The recent brouhaha over Rebecca Watts' essay for PN Review, 'The Cult of the Noble Amateur' , re-drew the battle-lines between the worlds of 'page' and 'performance' poetry in ways that were not always helpful. What interested me about Watts' essay, however, was the author's perception of the need to defend poetry from the idea that it is something done by amateurs rather than artists. While I sympathise with much of what Watts says about the elevation of artlessness to a measure of sincerity, this struck a chord with many of the conversations I have had with other poets.

I have heard writers describe themselves as 'professional poets', but most who write seriously, without actually making their living from it, bridle when anyone tries to tell them that what they are doing is 'a hobby'. Instinctively, most poets would feel that this reduces what they do the level of a trifling pastime, like building model railways or putting miniature ships into bottles.

Arguably, this resistance to the idea of hobbyism or amateurism seems snobbish. It seems to imply that all of those people growing prize-winning roses or carrying out conservation work in their spare time are doing something somehow less noble, less creative, than people who write poetry instead. It elevates poets to some higher plane, even above practitioners of other art forms that are carried out on a non-professional basis, like making music or painting.

Then again, the term 'hobby' itself is inherently demeaning. Its origin is found in the Late Middle English word 'hobyn', referring to a robin, but then later applied to a small horse that could only be ridden for pleasure, as opposed to being economically productive as a beast of burden or a means of transport. By the 16th century, it was used to describe a child's toy horse. Is that what poets are doing? Footling around with childish things? Surely there is a strong implication here that doing grown-up things is about earning some money.
Jean Renoir on His Hobby Horse by Pierre-August Renoir
Metropolitan Museum

For me, the only way out of a defensive stance, which rejects the notion of poetry as 'hobby' while seeming to denigrate the (often very creative) things that other people do with their time, is to embrace the idea that poetry is, at least to some extent, an activity which, for most of its practitioners, exists outside an economic rationale.

We have to ask very serious questions about a culture that has come to see the grown-up stuff as being about earning a living and anything else as childish mucking about. As the number of paid jobs in the Western world is likely to decline in the coming decades, the creation of identities in terms of what we get paid to do will increasingly come under threat. Poetry shows those of us who write it and don't earn our living from it that there are some things that human beings do that are valuable on their own terms, which have a 'use value' even if they don't necessarily have an 'exchange value', as Marx would have said. If that makes them 'just a hobby', then maybe it's time we embraced our amateur status. After all, an amateur is someone who does something for the love of it.

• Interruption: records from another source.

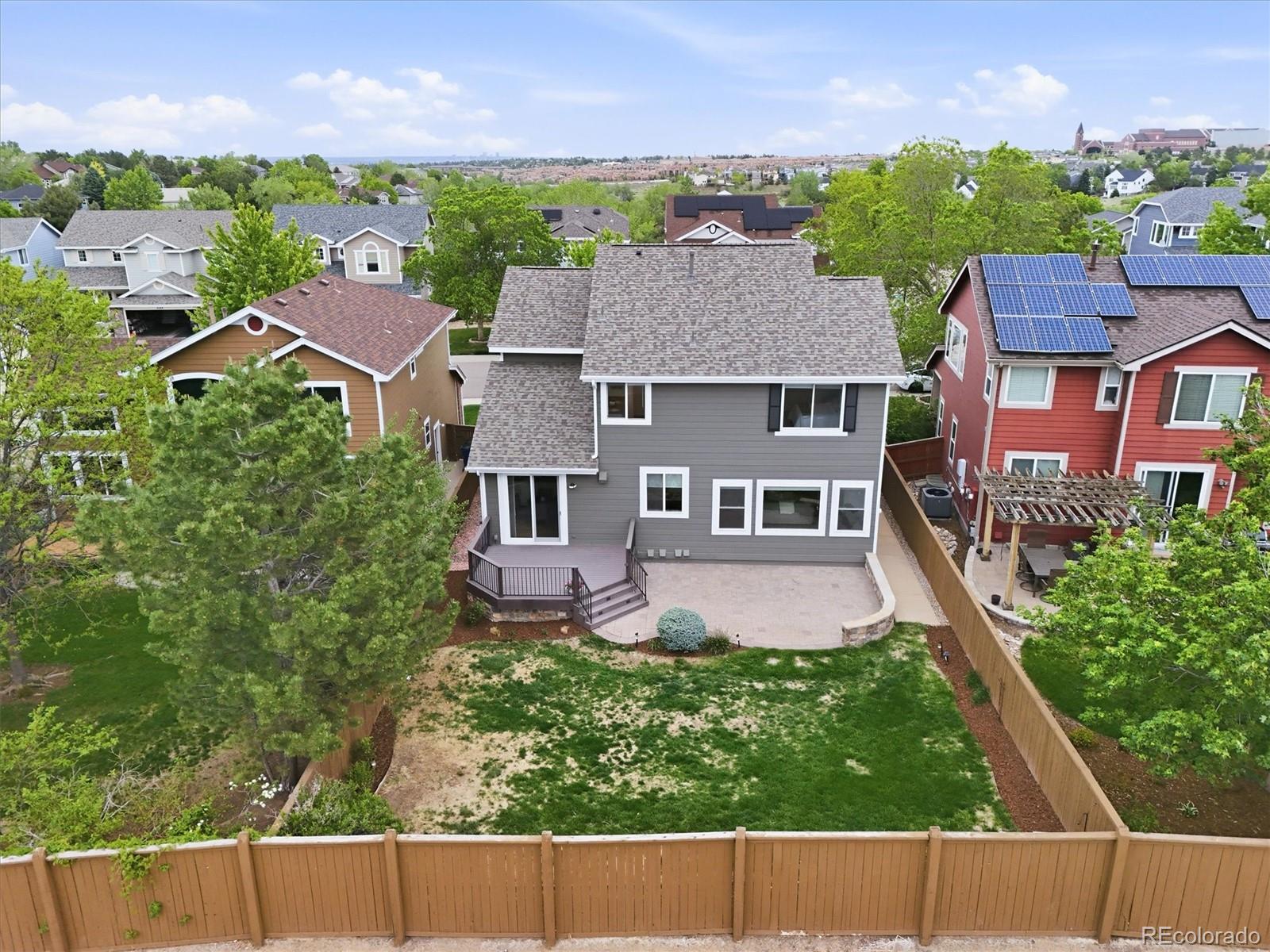 3218 Astorbrook Way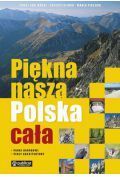 Piękna nasza Polska cała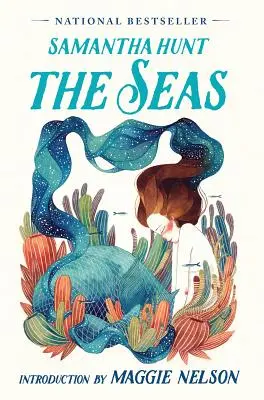 Les Mers - The Seas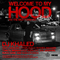 2011 Welcome To My Hood (Remix Single)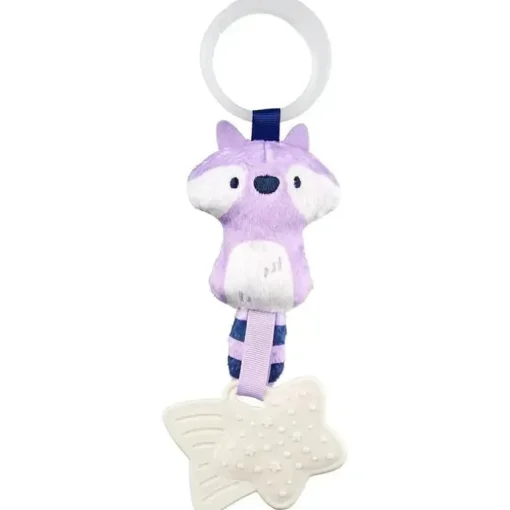 Skip Hop - Ginásio de Atividades Celestial Dreams 0+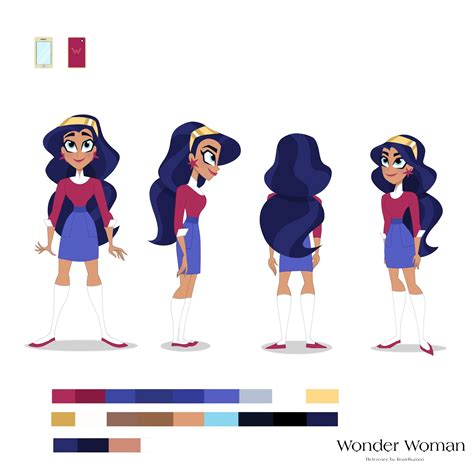 Kora Kumori On Twitter In 2021 Dc Super Hero Girls Hero Girl Dc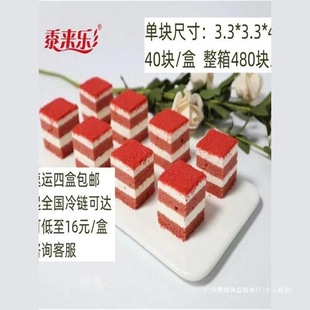 ����Ľ˹����ħ������40�мt�z�q�������K���ȏd���u�����������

  1. Your comments are interesting, but I can't help feeling that you've misinterpreted the thrust of Watts' argument. As far as I can tell, Hollie McNish is making an excellent living (several collections with major publishers selling well, endorsements from the top poets and editors in the land, spots on radio shows, major awards, basically being accepted by the "establishment") by writing poetry that may stand up as "performance" work, but simply doesn't stand up on the page. Her work would never have been published by a top poetry publisher if it had been written by an unknown. It is not good enough and it's not even close. You could argue that "amateur" isn't the best word for Watts to have used, but it's clear to me that she is unhappy about the fact that mediocrity is being celebrated (and I happen to agree with her). Watts is not running down McNish because McNish is just doing this for the love of it and not benefiting in any other way. She's criticising McNish's work because it's mediocre work (at least by the standards of "page poetry", which is how it's now apparently supposed to be judged) which is being celebrated.

  2. Thanks for your comment, Clarissa. You've got me there. Yes, I'm making a point about something actually quite unrelated to what Watts was saying about Holly McNish, but desperately trying to make it sound topical by hanging it on the controversy over Watts' essay. And I nearly got away with it, too!

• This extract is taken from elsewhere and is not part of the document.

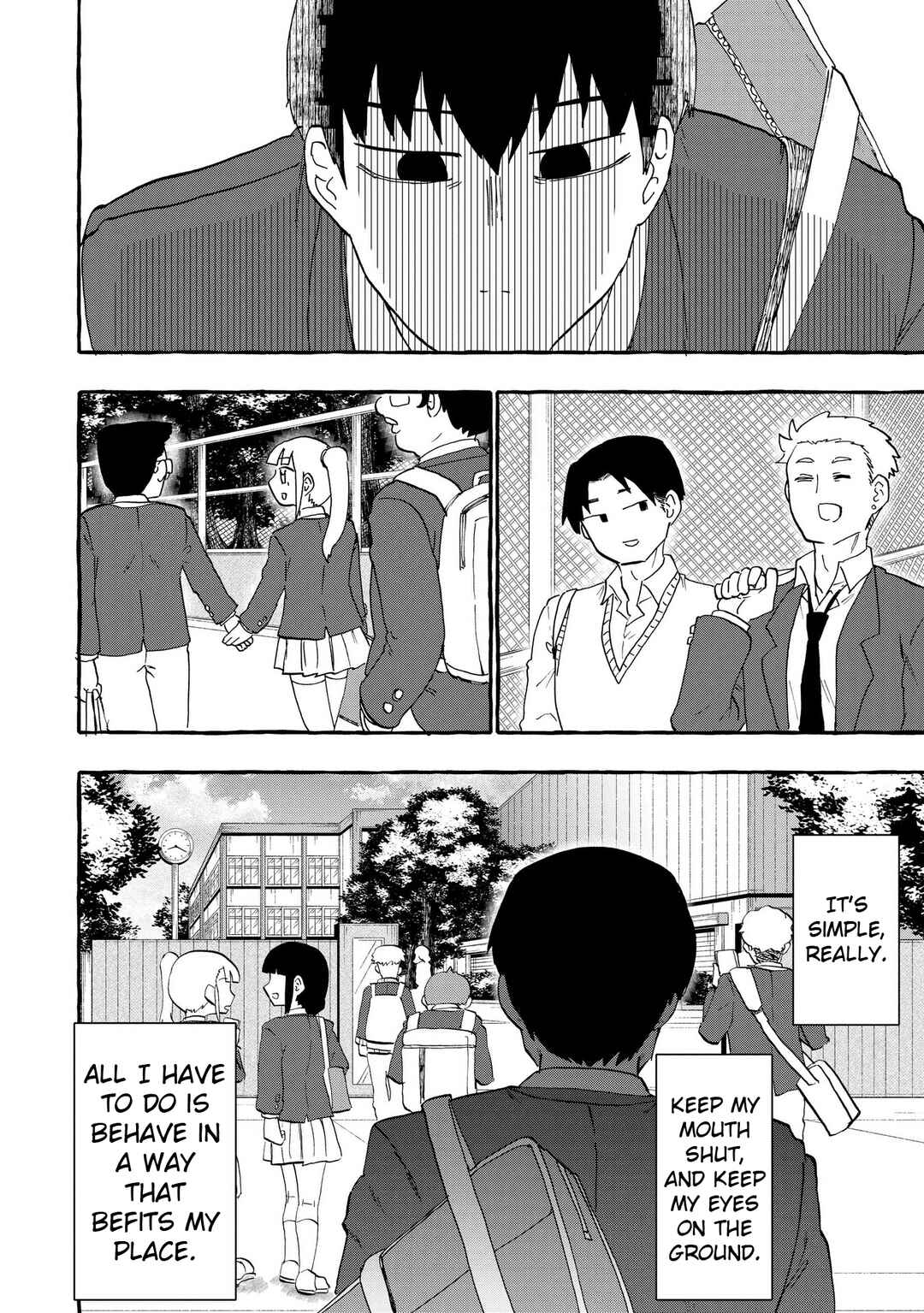 Chapter 1 - Page 6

    1. I definitely and very much agree with you (assuming I am interpreting you correctly...) that there often seems to be a privileging of those who "earn a living" as poets (meaning they teach creative writing, run workshops, work for literary organisations etc...because virtually no one can earn a living only by selling poetry collections) over those who have other day jobs, and that annoys me a lot. It certainly has nothing to do with the quality of the work.